[[ Data for this task, beginning ]]
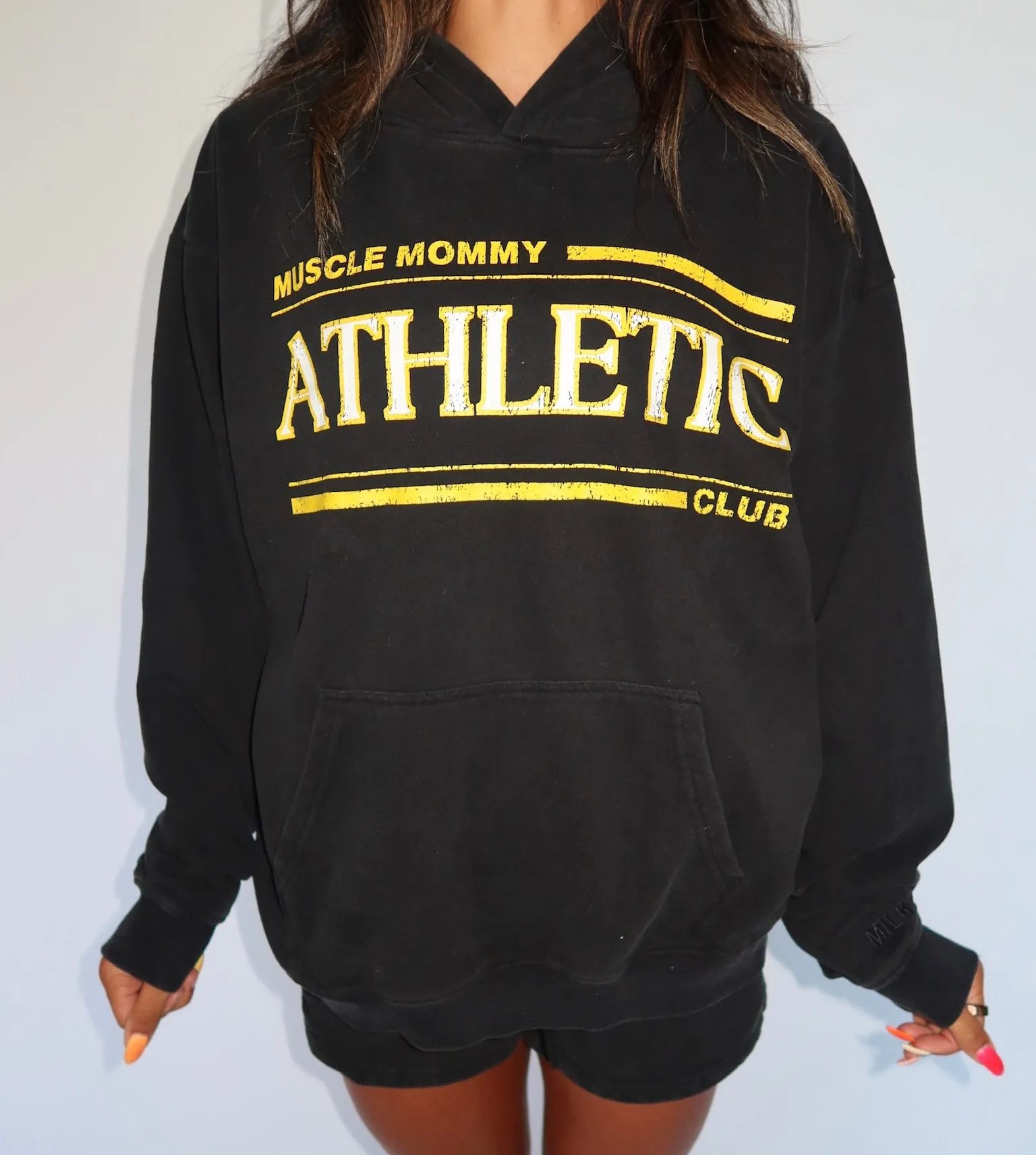 The JORRY Muscle Mommy Hoodie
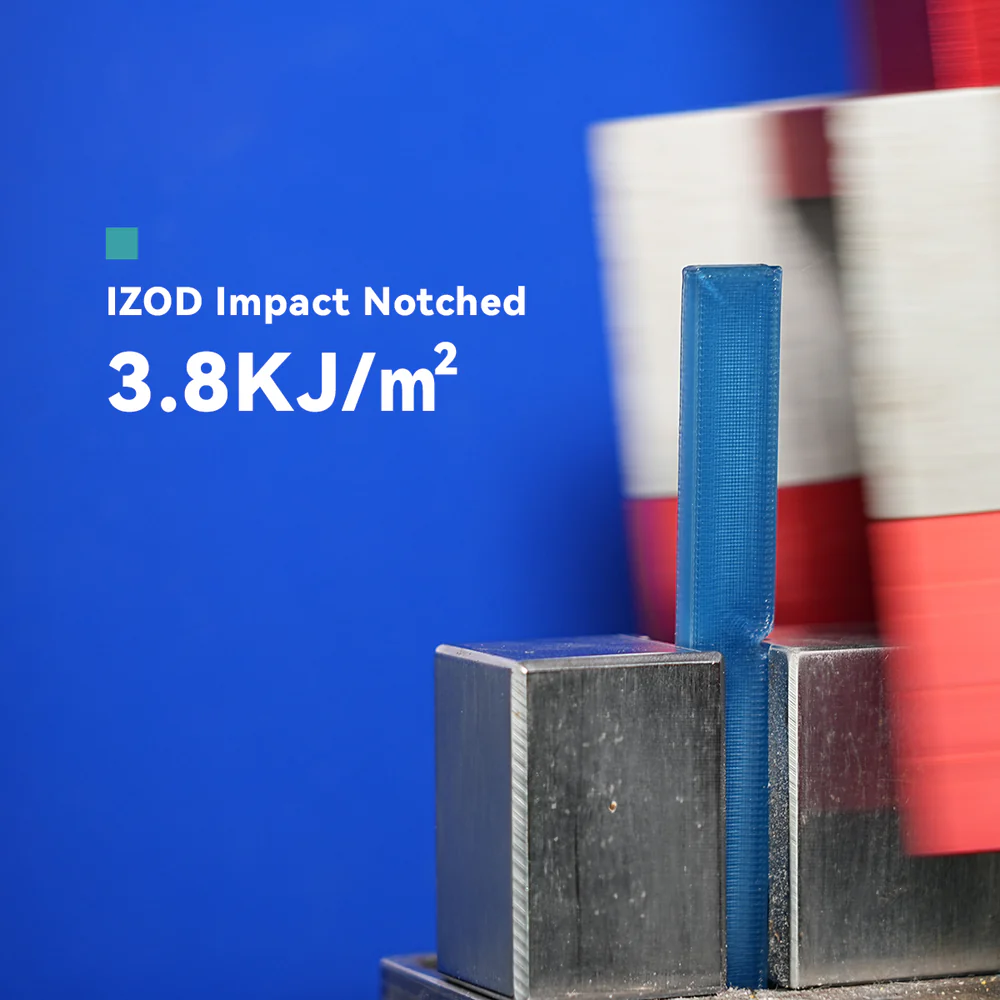 Пластик SUNLU для 3D принтера PLA Transparent Rainbow 1.75 мм 1 кг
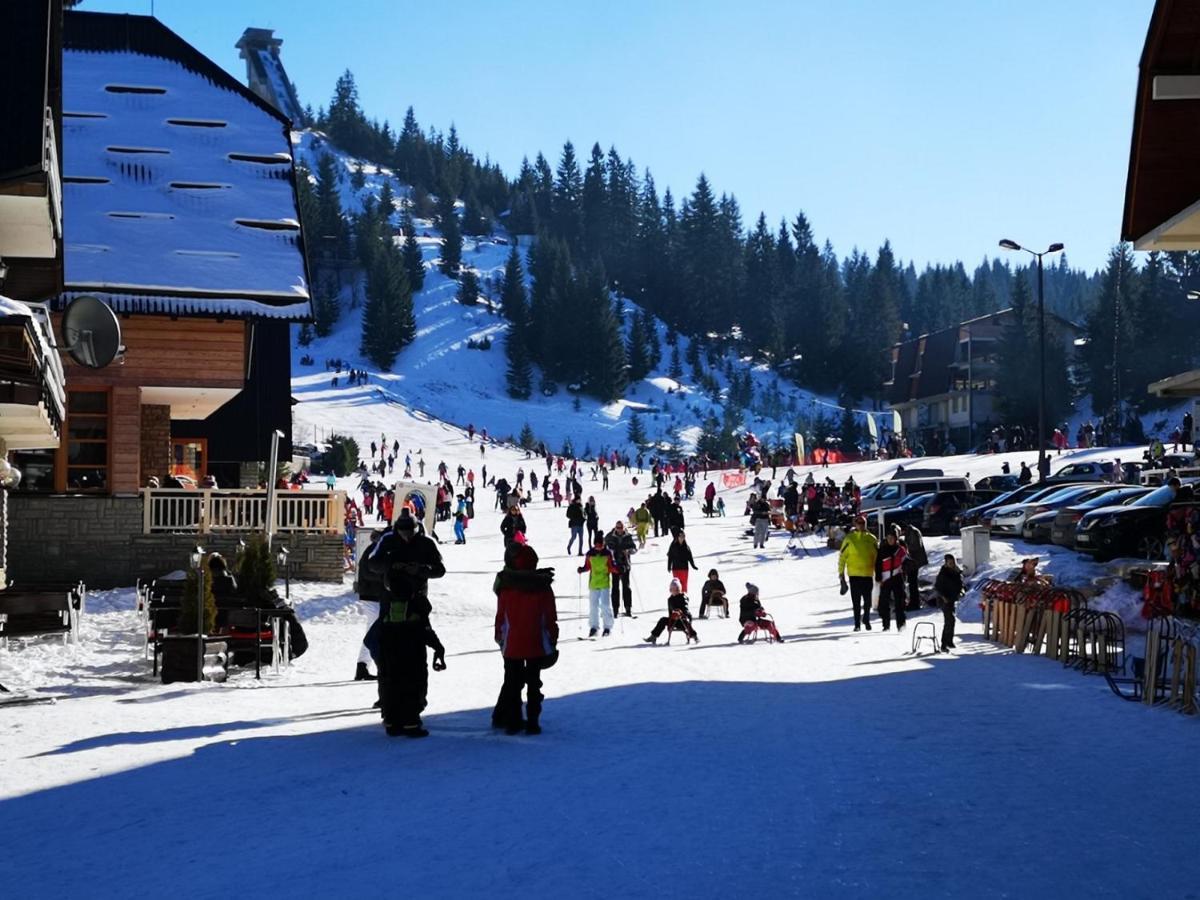 Hotel Villa Ugar Vlašić Zewnętrze zdjęcie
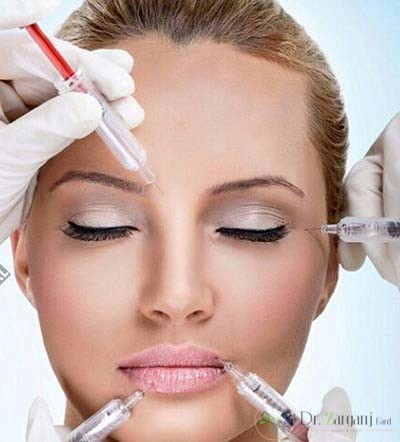 تکنولوژی تزریق ژل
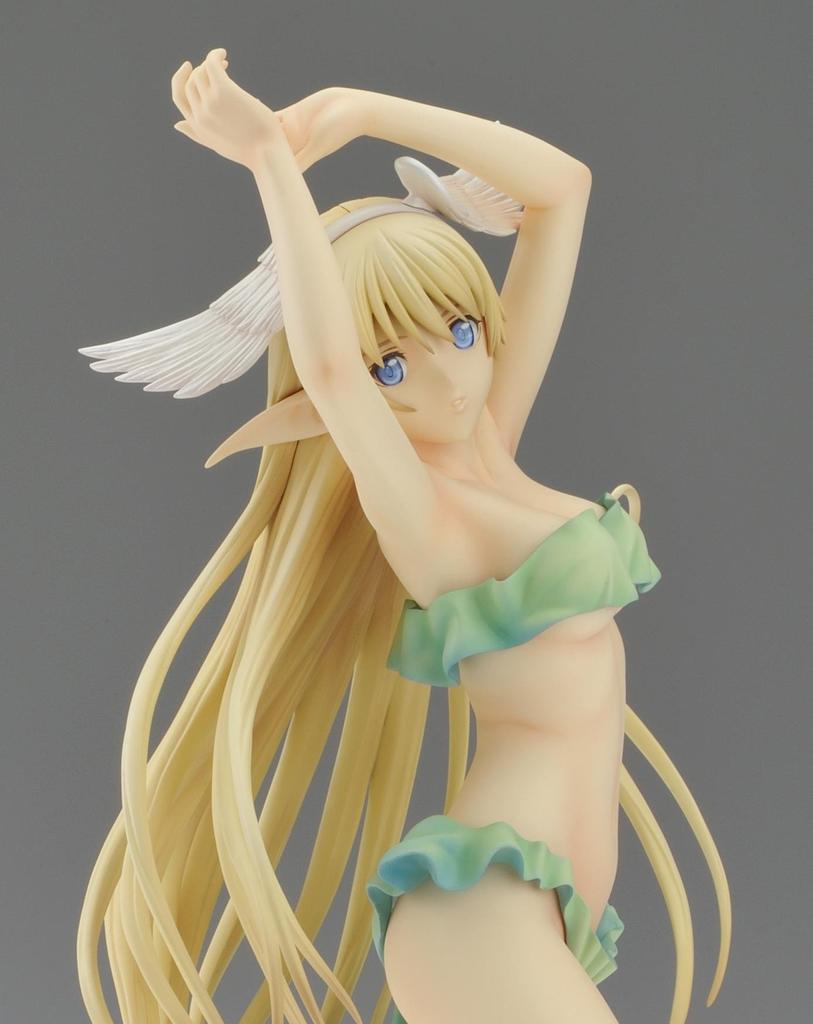 Kotobukiya Shining Wind Forest Goddess Elwyn 1/6 Scale PVC Pre-painted Complete Figure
[[ Data for this task, end ]]
Task item: Starting at the line that contains "Пластик SUNLU для" and ending with the last line of the data, transcribe every line exactly; skip the pictures.

Result for this task:
 Пластик SUNLU для 3D принтера PLA Transparent Rainbow 1.75 мм 1 кг
 Hotel Villa Ugar Vlašić Zewnętrze zdjęcie
 تکنولوژی تزریق ژل
 Kotobukiya Shining Wind Forest Goddess Elwyn 1/6 Scale PVC Pre-painted Complete Figure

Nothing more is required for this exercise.